Most are familiar with the Cambridge Analytica scandal that Facebook was involved with, but some may not know about how the whole thing started. It all began when Facebook launched its Platform that enabled third parties to build apps that could run on Facebook and be installed by users. There was also an app programming interface that allowed the third party apps to receive user information, called Graph API. By 2013, 41 million apps were available on Facebook.

Facebook required third-party apps (apps) to agree to its Platform Policy and Terms of Service in order to get access to Platform. For example, one provision required apps to only request user data that was necessary to operate their apps, and only use friends’ data in the context of the user’s experience on the apps. Another required apps to have a privacy policy that told users what data the apps would use and how they would use or share data.

Facebook admitted that it did not assess or verify the actual content of the apps’ privacy policies. In fact, it only verified that the hyperlink to an app’s privacy policy linked to a functioning web page.

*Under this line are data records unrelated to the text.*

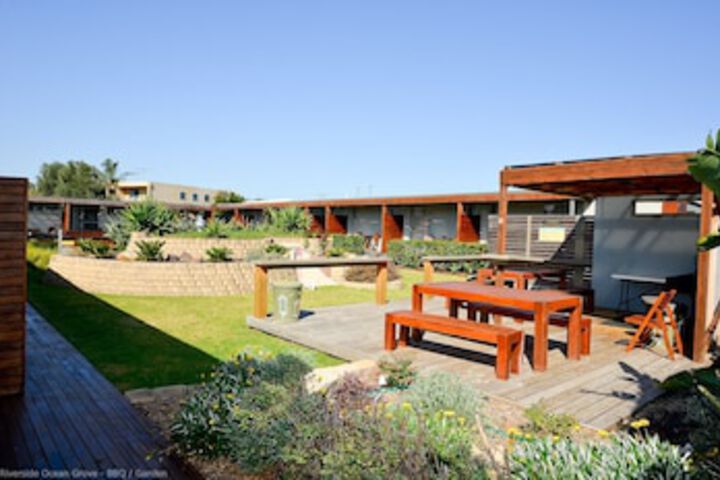 Palm Beach Accommodation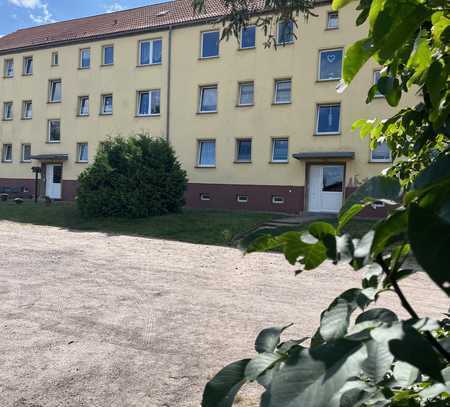 Zweizimmerwohnung mit Blick ins Grüne - Erstbezug nach Teilsanierung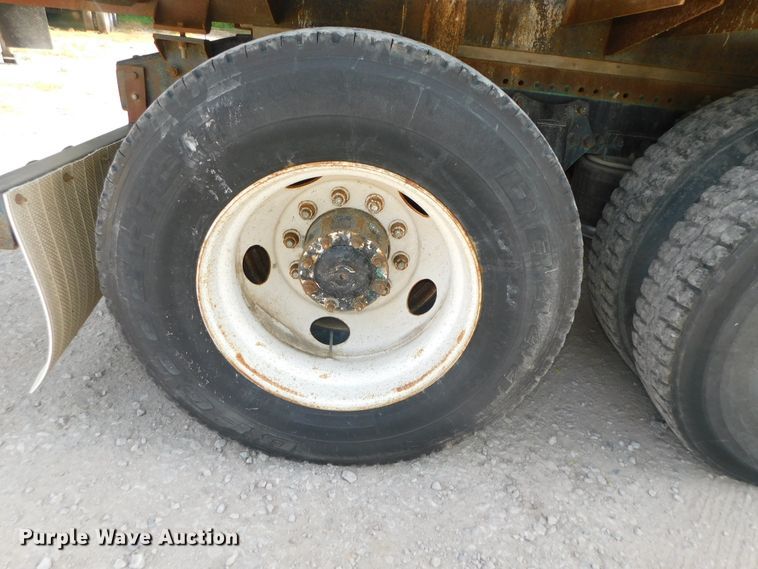 image for item DK8550 1993 Freightliner FLD120  nurse tank truck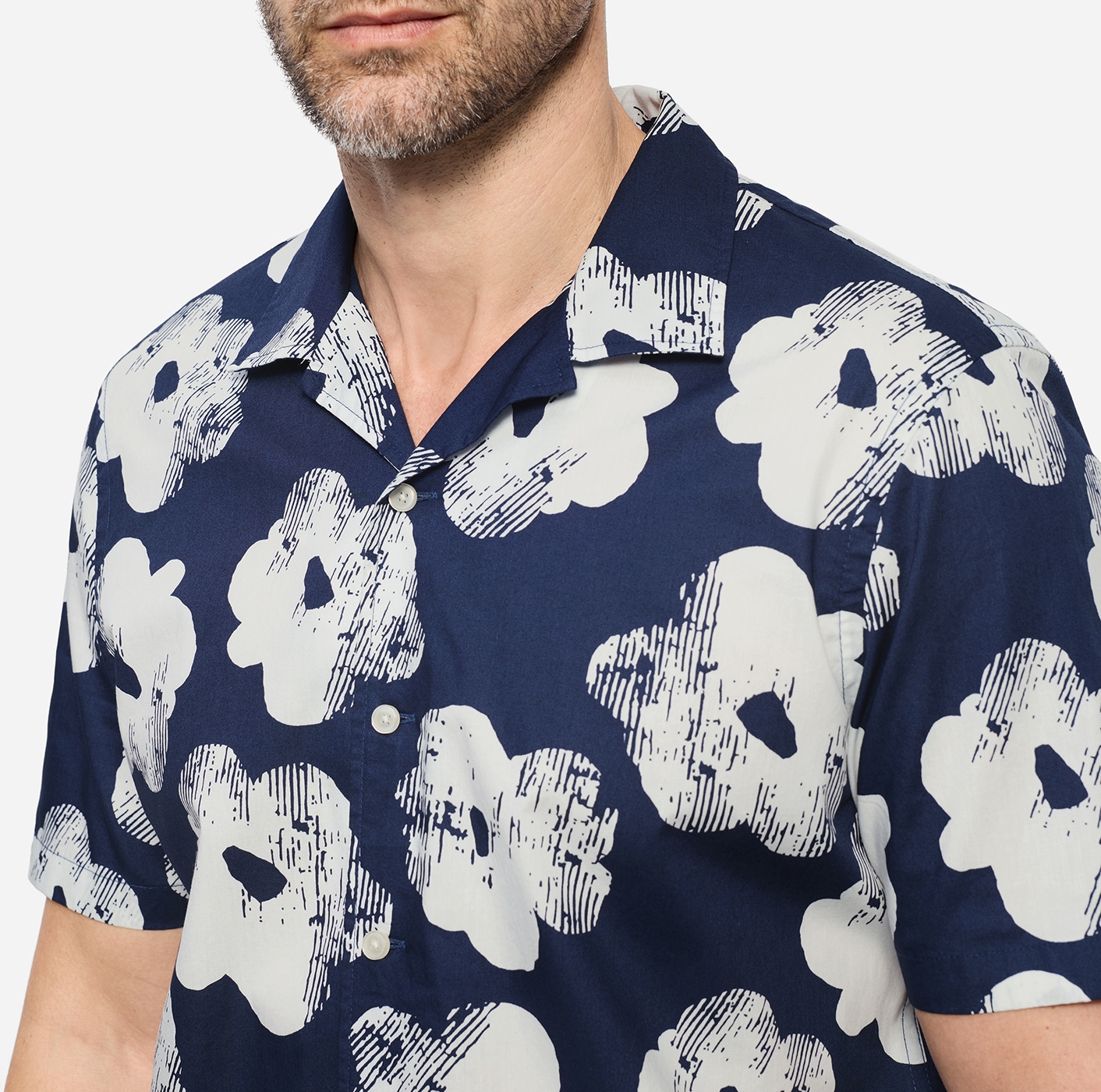 OLYMP Chemise à manches courtes »Casual« Chemise décontractée, coupe régulière, col revers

Additionally, in November 2013, Dr. Kogan, a Cambridge professor, launched the TYDL app on Platform. The app had a personality quiz. Through Platform, Dr. Kogan was able to access the Facebook profile information of every user who installed TYDL—and all of the information of each installing user’s Facebook friends.

Just 272 Canadian users installed TYDL, and this enabled the disclosure of the data of over 600,000 Canadians. In December 2015, the media reported that user data obtained by TYDL was sold to CA and a related entity, and that the data was used to develop psychographic models for the purpose of targeting political messages towards Facebook users leading up to the 2016 American presidential election. It was not until this point that Facebook removed TYDL from Platform. Yet, Facebook never notified affected users, and it did not ban Dr. Kogan or CA from Platform.

Subsequently, the OPC received a complaint about Facebook and concerns about compliance with PIPEDA. The OPC commenced an investigation.

What did the OPC find?

The OPC found that Facebook’s superficial and ineffective safeguards and consent mechanisms allowed the app, TYDL, to gain unauthorized access to the personal information of millions of Facebook users. Some of that information was subsequently used for political purposes.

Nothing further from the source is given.